(Big League Politics) – In a huge break in Judge Roy Moore’s defamation suit against Leigh Corfman, the woman who accused him of sexual misconduct during his 2017 U.S. Senate bid, Moore’s legal team has filed a motion compelling Corfman to give a sworn deposition of the events in question.
So far, Corfman has refused to appear for depositions in which she would be asked, under oath, specific questions about Moore’s alleged misconduct. She has claimed to The Washington Post, but never in a sworn affidavit, that the Judge made unwanted sexual advances towards her when she was a teenager.
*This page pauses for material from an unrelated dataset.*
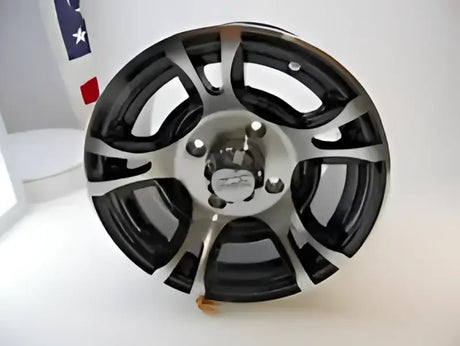 Black and silver aluminum wheel for QuadBoss QBoss Carburetor Kit, looks sleek and stylish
The central question in the case is where the alleged event took place – whether in a trailer, or in a home.
“Her refusal to comply with discover has prejudiced Judge Moore and it is apparent that absent court investigation, Leigh Corfman will continue to violate the Alabama Rules of Civil Procedure, conceal evidence and deny Judge Moore the documents and responses he is due under the law,” the court documents said.
Another document describes the conundrum that Corfman has before her, whether the event took place inside a trailer or a physical home. She has not been able to confirm this detail.
Attorneys for each side are fighting over which side must be deposed first, and on which issues. Obviously, the Moore team does not want to answer deposition questions that would help Corfman “fill in the blanks” in her story – like what type of residence she was in when the Judge allegedly violated her. Even still, the Judge has been deposed, despite Corfman not answering his discovery.
The last document claims that Corfman would not “sit for her deposition because Judge Moor would not testify to ‘the appearance of his vehicle, his residence and his driveway in 1979, – the exact same question that Corfman refused to answer.”
From these documents, it appears that Corfman is trying to hold out, hoping that the Judge will be forced to answer further questions about the details of the residence before she is deposed. That raises suspicion. Why not just tell the court what she remembers? The answer, of course, is that she is afraid that her story will not match verifiable facts provided by the Judge, and that she will be exposed.
Johnny Davis, a former Alabama criminal defense attorney who currently runs an international and Constitutional law consulting firm told Big League Politics in a prior interview that Corfman’s story “cannot withstand cross examination” due to numerous flaws and irregularities. We reported:
“What we have to believe [in order] to believe Corfman’s story is that essentially Roy Moore grew up behaving himself, went to West Point and showed exemplary character there, served in Vietnam, went to law school, started practicing, in his early 30’s was a sexual predator for a while, and then was never a sexual predator again,” Davis told Big League Politics in an earlier phone interview.
“That’s not how it works,” he continued. “You don’t have an isolated year, 40 years ago of sexually predatory behavior. The pathology does not work that way.”
Davis also noted Corfman’s claim that the pair had a relationship of a sexual nature, but never had intercourse. The statute of limitations has run on any potential crimes with which Corfman could press charges against Moore. If she had claimed that the pair had had intercourse, he said, the statute of limitations would not have run. She would still be able to press charges against him to this day, and would have to face questions as to why she has not done so.
Davis told BLP Tuesday evening that he expects a hearing on Moore’s lawyers’ motion either later this month or in February.